#### Directions for this task:
Retype every line from the start of the data down to and including the line with "[SN S1247402] USED". Skip the pictures.

[Data extracted from a collection]
[Start of Attachment]
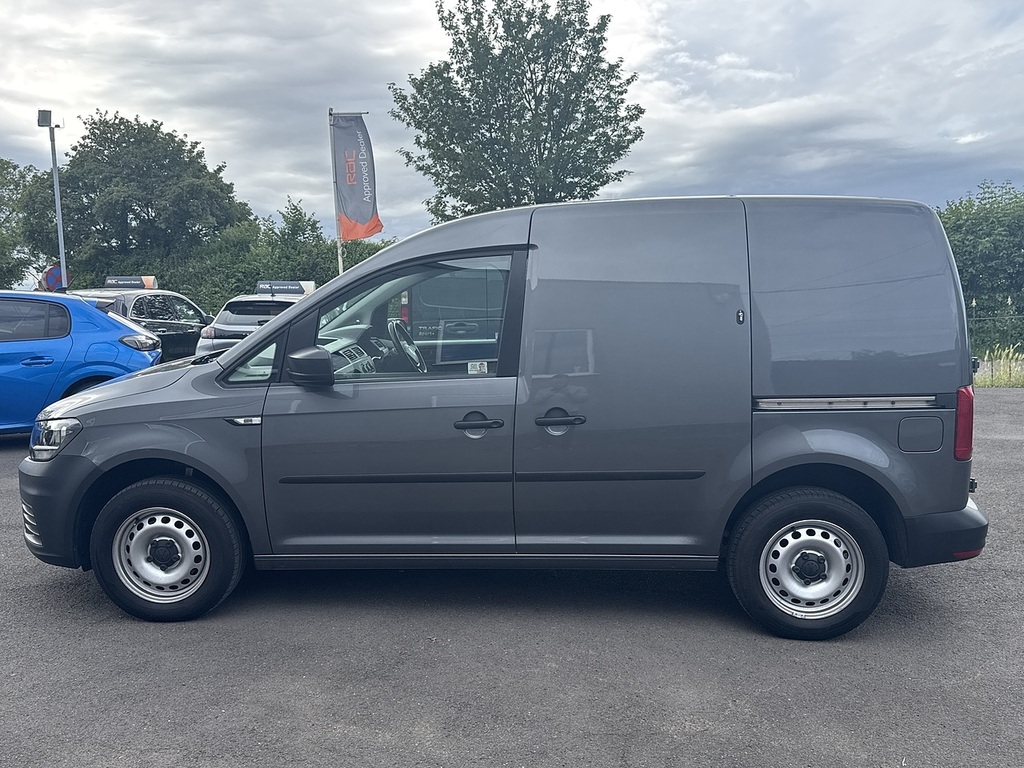 Volkswagen Caddy Tdi C20 Startline Grey #5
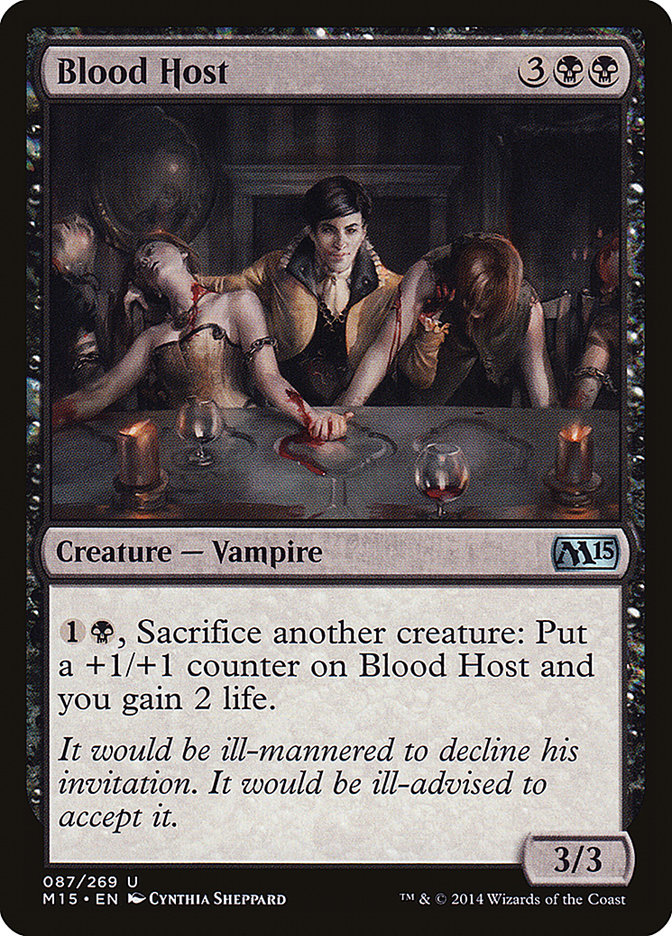 Blood Host [Magic 2015] | Good Games Adelaide SA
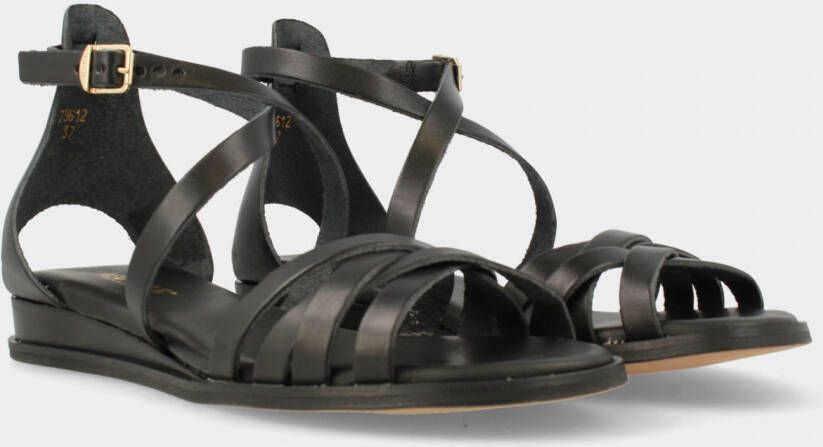 MW RED-RAG Zwarte Sandalen | Red-Rag 79612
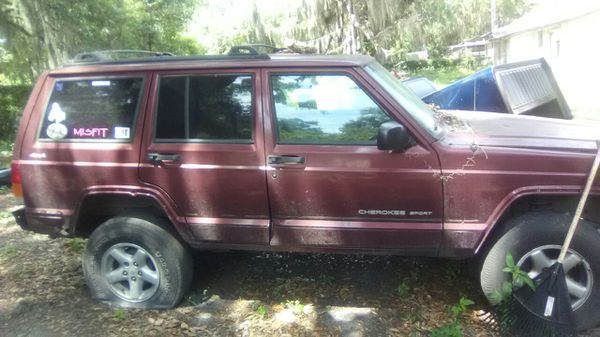 1999 jeep Cherokee sport parts for Sale in Leesburg, FL ...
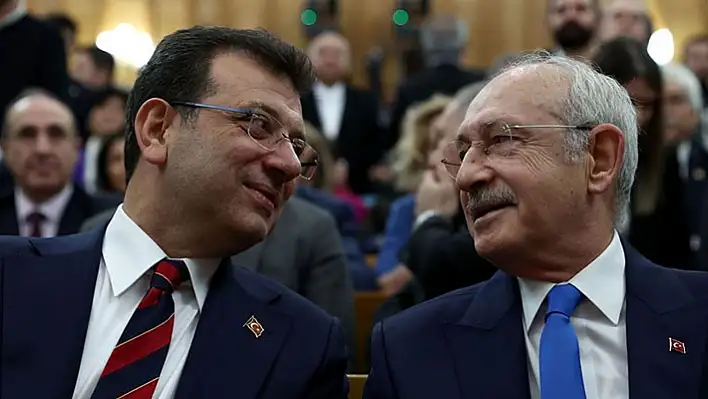 Ekrem İmamoğlu’ndan adaylık açıklaması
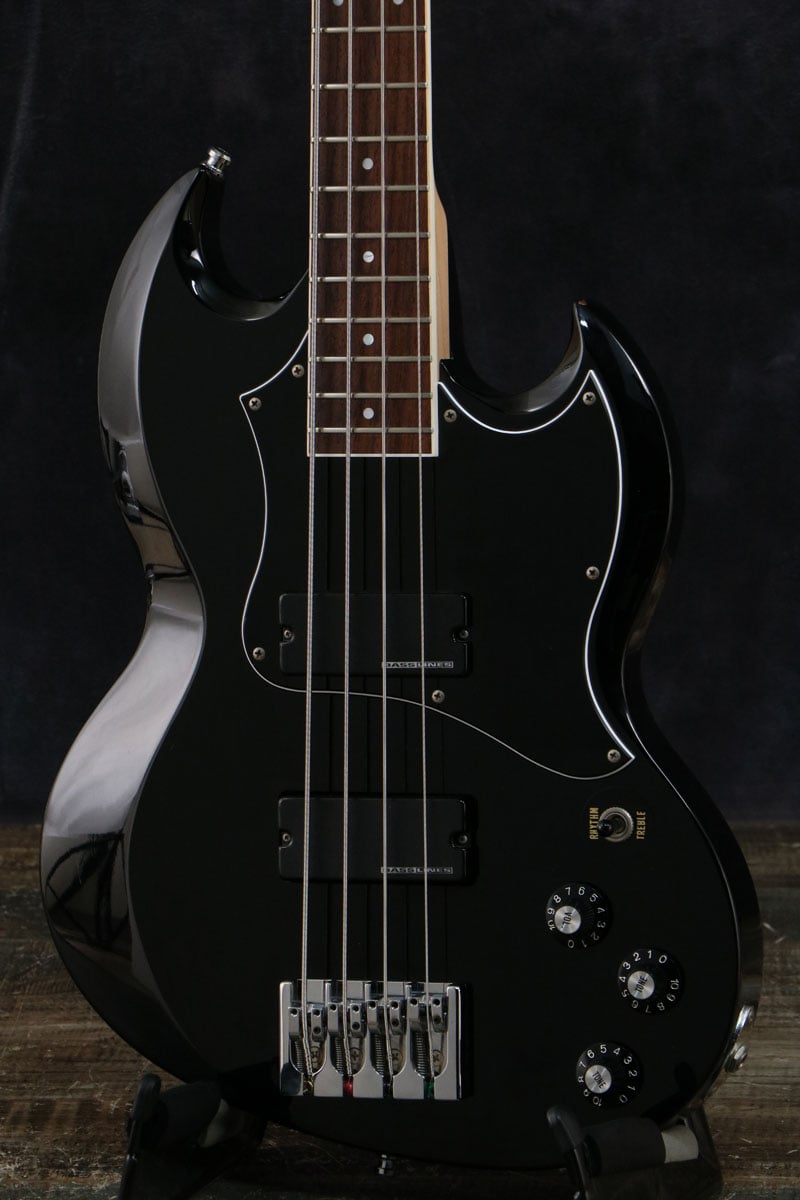 [SN S1247402] USED ESP / VIPER BASS Black [03]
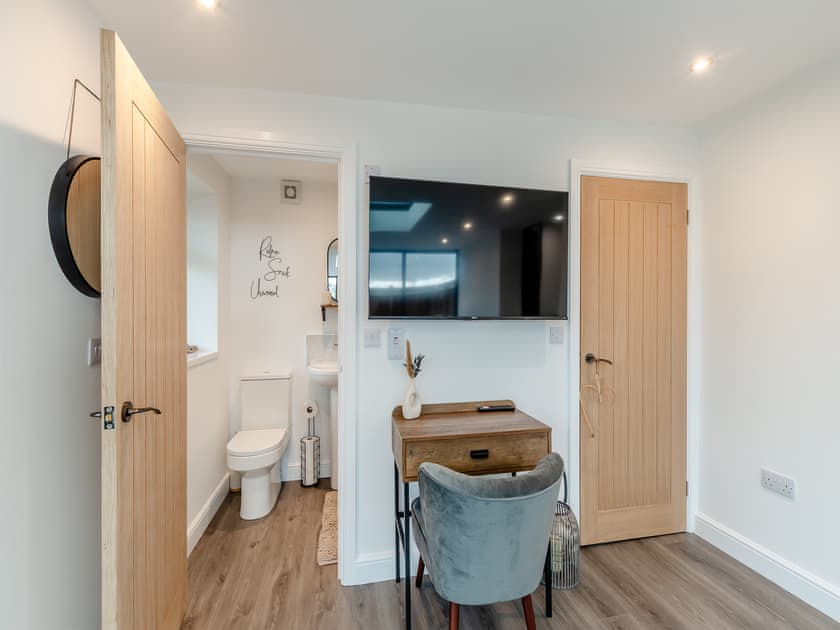Double bedroom | The Bunker - Vallum Villas, Bardon Mill, nr Hexham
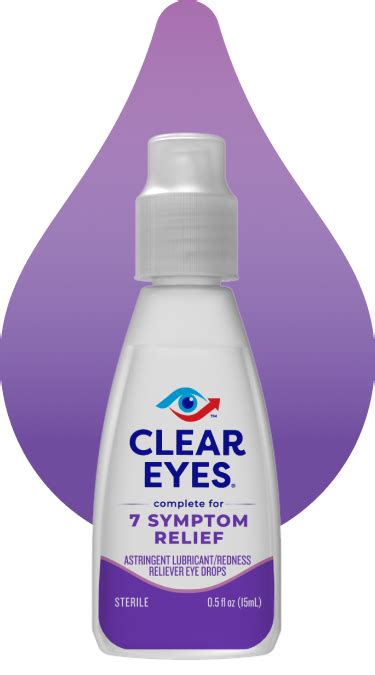 Clear Eyes® Eye Drops & Eye Care Products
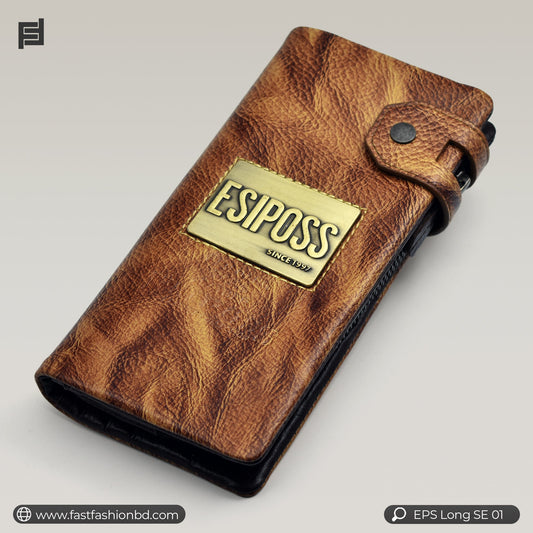 Original Esiposs Leather Wallet Special Edition | EPS Long SE 01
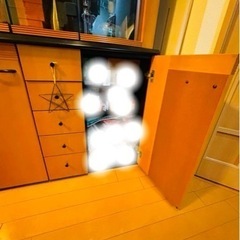 キャビネット◼️カップボード◼️コレクションボードの画像
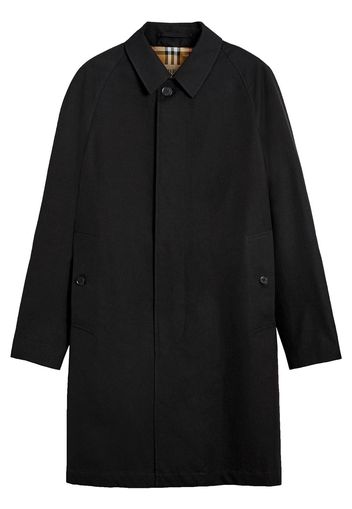 Burberry The Camden Car Coat - Black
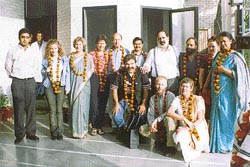Delegates from Holland and Turkey attend a seminar-cum-workshop on medicinal herbs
[End of Attachment]
#### Solution to this task:
 Volkswagen Caddy Tdi C20 Startline Grey #5
 Blood Host [Magic 2015] | Good Games Adelaide SA
 MW RED-RAG Zwarte Sandalen | Red-Rag 79612
 1999 jeep Cherokee sport parts for Sale in Leesburg, FL ...
 Ekrem İmamoğlu’ndan adaylık açıklaması
 [SN S1247402] USED ESP / VIPER BASS Black [03]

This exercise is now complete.